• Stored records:
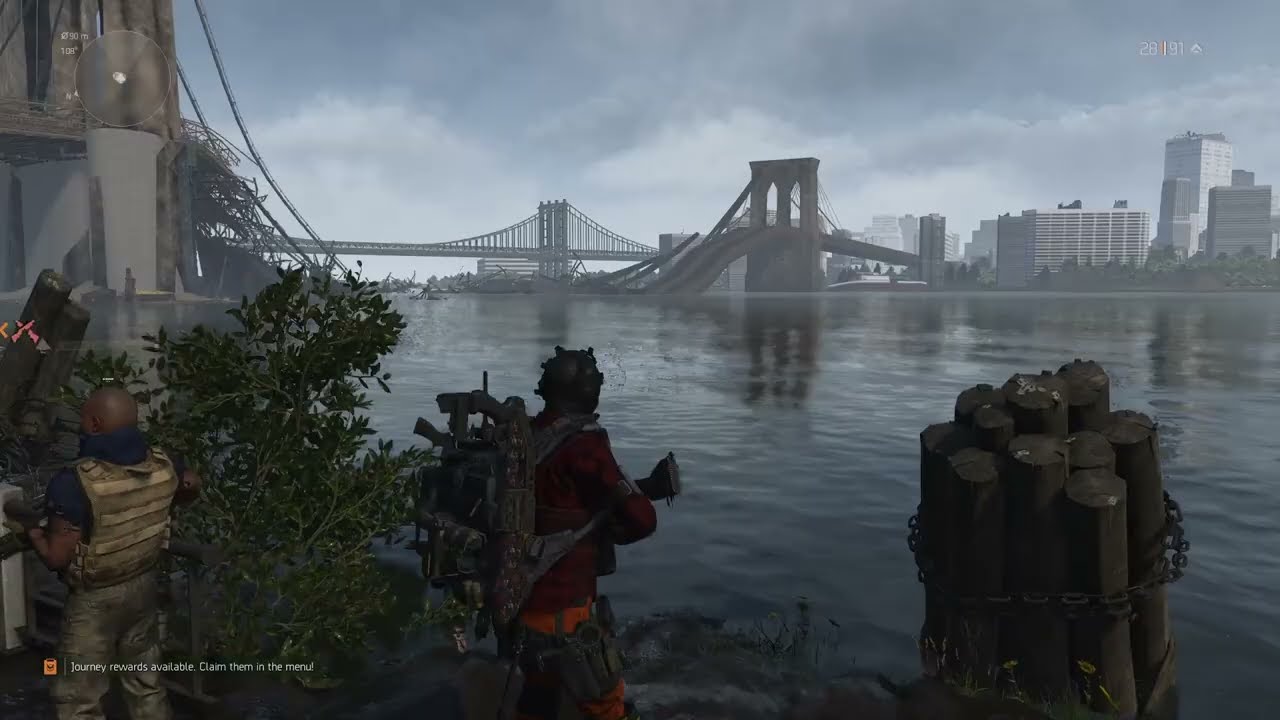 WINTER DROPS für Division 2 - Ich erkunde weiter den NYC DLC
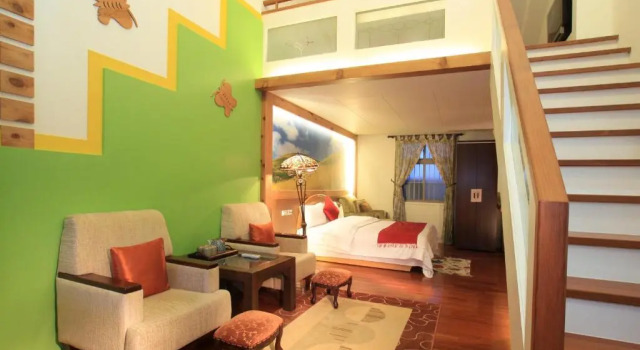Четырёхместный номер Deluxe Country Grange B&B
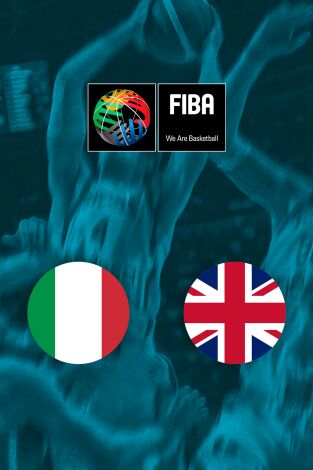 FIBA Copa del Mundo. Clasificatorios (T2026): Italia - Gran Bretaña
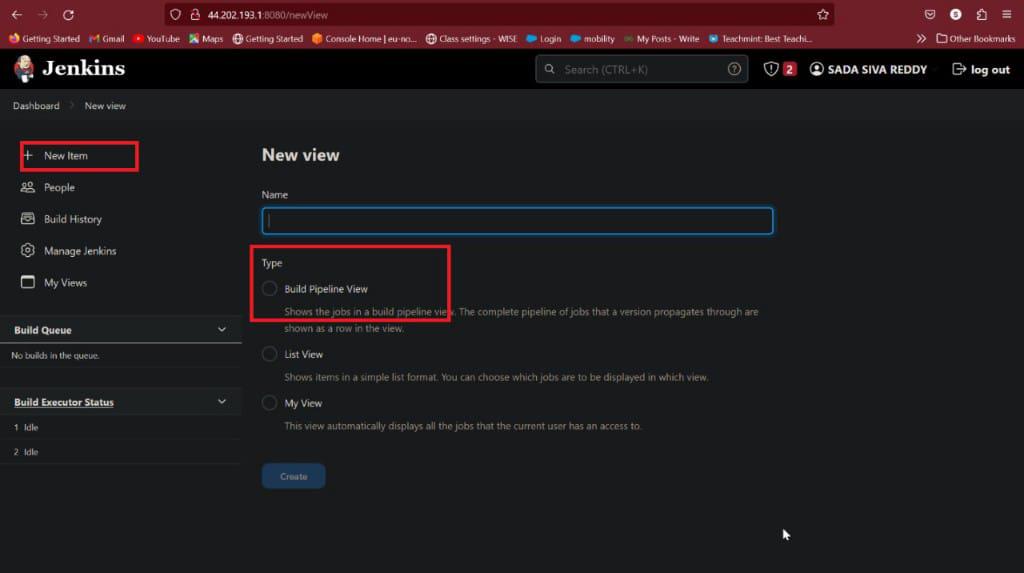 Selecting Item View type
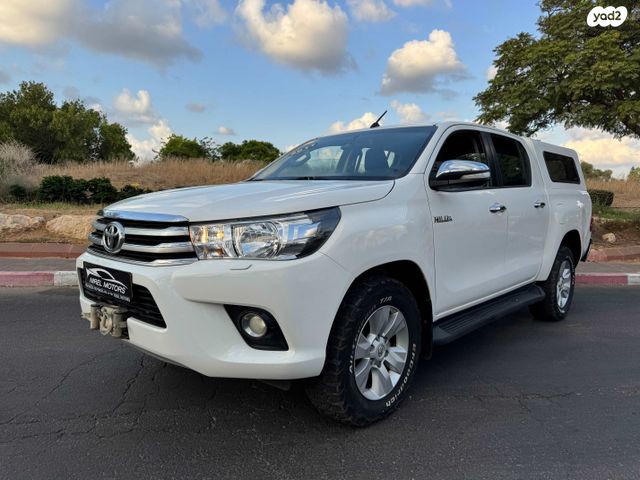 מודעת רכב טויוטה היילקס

• About this exercise: Please transcribe all of the entries exactly and omit any picture they hold.

• Result:
 WINTER DROPS für Division 2 - Ich erkunde weiter den NYC DLC
Четырёхместный номер Deluxe Country Grange B&B
 FIBA Copa del Mundo. Clasificatorios (T2026): Italia - Gran Bretaña
 Selecting Item View type
 מודעת רכב טויוטה היילקס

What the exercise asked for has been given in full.